Paul tipped his head. "Annette, have you seen a disease like this before? Maybe before you got here? Or heard of one similar to it? I haven't. I don't know if this thing is contagious or not."

The woman pushed back some of her graying hair that had fallen forward over her shoulder and shook her head. "I'm sorry, Doc, but I haven't."

"Did he have the AgFlu?"

"An easy case of it. He said he spent a few days in bed, but then felt right as rain." Annette shot a look at first Paul, then Mrs. Gilmore. "We weren't anything but friends. We met on the road, we each had families then." She bowed her head. "I can't. I can't talk about that right now, but we lost them, lost them all running from Infected until there was just the two of us. We were so happy to find this place. I can't even tell you how happy. I know we stuck to ourselves, but we'd been through so much. We were just licking our wounds for a while before we became sociable."

Annette put a hand to her mouth as she sobbed. "I feel so alone. Like I've lost all of them all over again. There is just me now." Her head dropped to her knees as she cried. Paul and Mrs. Gilmore put a hand on her back to comfort her.

Tears swam in Mrs. Gilmore's eyes. She was no stranger to the hard, sharp ache of grief. "You're not alone, Annette dear, we are all here with you."

Paul gave Annette some time, and when she settled, he brought up the subject he had been dreading. "Since this is unknown to me, I want to assume the worst and treat it as such. I would like to cremate him now." He went on even as Annette leaned back, a frown on her face. "Have a service once it is announced but take care of him now, in case this is contagious."

"I understand, Doc."

"I also would like you to stay in the watch's hut. We will set up a tent for them, but I'd like you out of the house. You and Mrs. Gilmore should stay inside your places for a couple of weeks, and I will monitor you."

Mrs. Gilmore's face drew into a deep frown. "Me?"

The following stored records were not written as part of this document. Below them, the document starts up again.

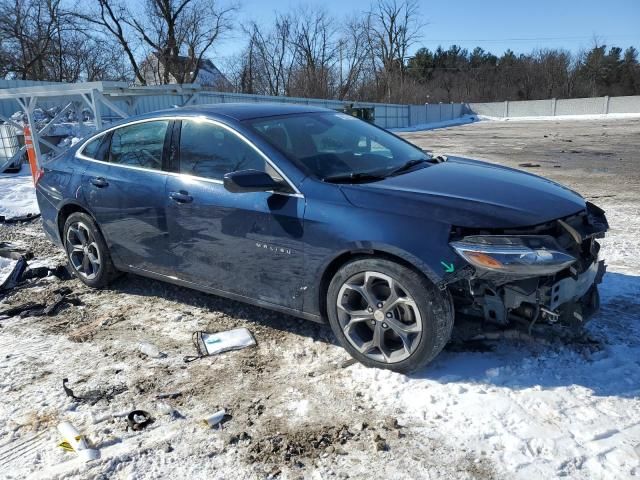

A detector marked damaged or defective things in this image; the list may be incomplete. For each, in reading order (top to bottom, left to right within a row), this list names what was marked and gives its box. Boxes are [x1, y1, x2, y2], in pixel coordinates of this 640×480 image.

crumpled hood [342, 156, 588, 227]
damaged blue sedan [36, 103, 608, 374]
broken headlight [448, 235, 576, 276]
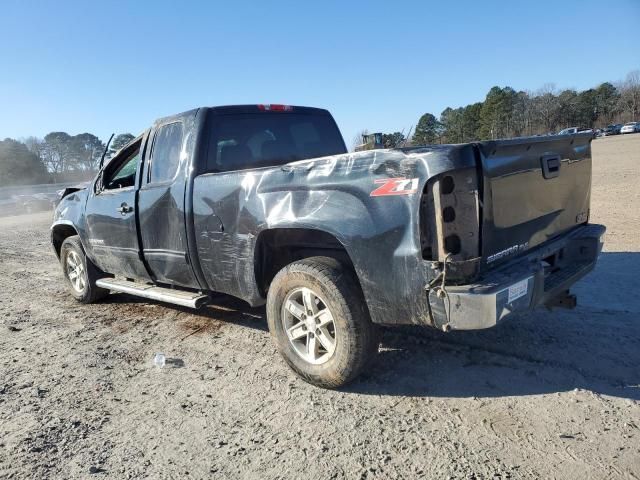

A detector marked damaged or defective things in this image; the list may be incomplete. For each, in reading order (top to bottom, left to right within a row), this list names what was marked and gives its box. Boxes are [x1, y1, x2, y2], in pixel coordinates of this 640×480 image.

damaged pickup truck [51, 104, 604, 386]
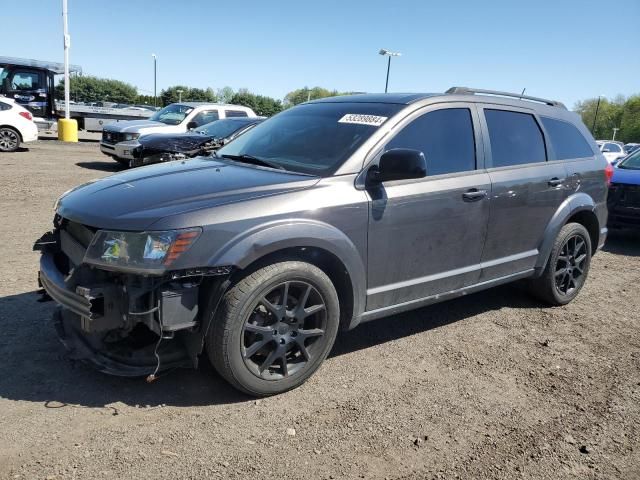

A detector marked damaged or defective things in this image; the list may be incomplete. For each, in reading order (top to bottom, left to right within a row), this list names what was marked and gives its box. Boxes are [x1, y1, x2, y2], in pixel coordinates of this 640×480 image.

damaged front end [34, 216, 230, 376]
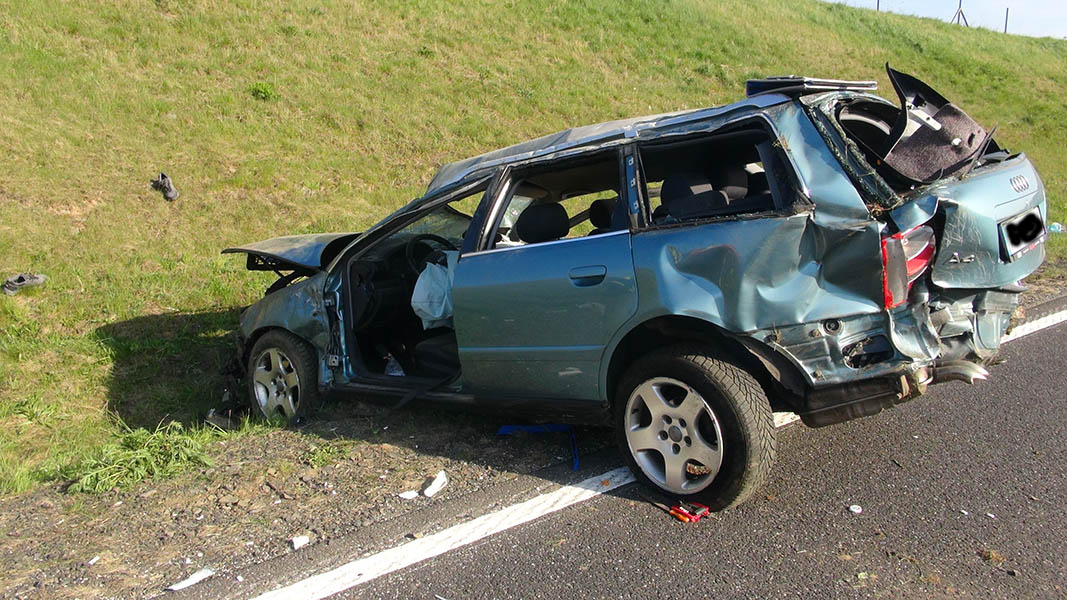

"I'm sorry, but you were inside the house, near the body."

Mrs. Gilmore huffed. This is what I get for helping other people. But when she looked at poor Annette, she knew she would have done it no other way. "I'll do what I need to."

"Okay," Paul said, "Annette, could you pack whatever you need to move to the hut? Mrs. Gilmore, perhaps you could get Annette something to eat? Mark and I will take care of everything else."

Once Mark and Paul had the funeral pyre built, they laid the sheet-wrapped body on it. They lit it and stepped back beside Annette and Mrs. Gilmore. The men had made sure the wood included plenty of red cedar so its spicy, sweet smell would mask any other unpleasant odors. The scent of cedar filled the mountaintop and drifted through the small community. It drew others who followed the smoke to the little glen, and the line of people standing at the treeline grew. Paul said a few words for the man, adding that he hoped to one day get to know him. Annette spoke a bit about the kind of man he was, caring, loved by his family, a great dad to his children. In the end, he'd had a proper funeral, and for that, Annette was grateful.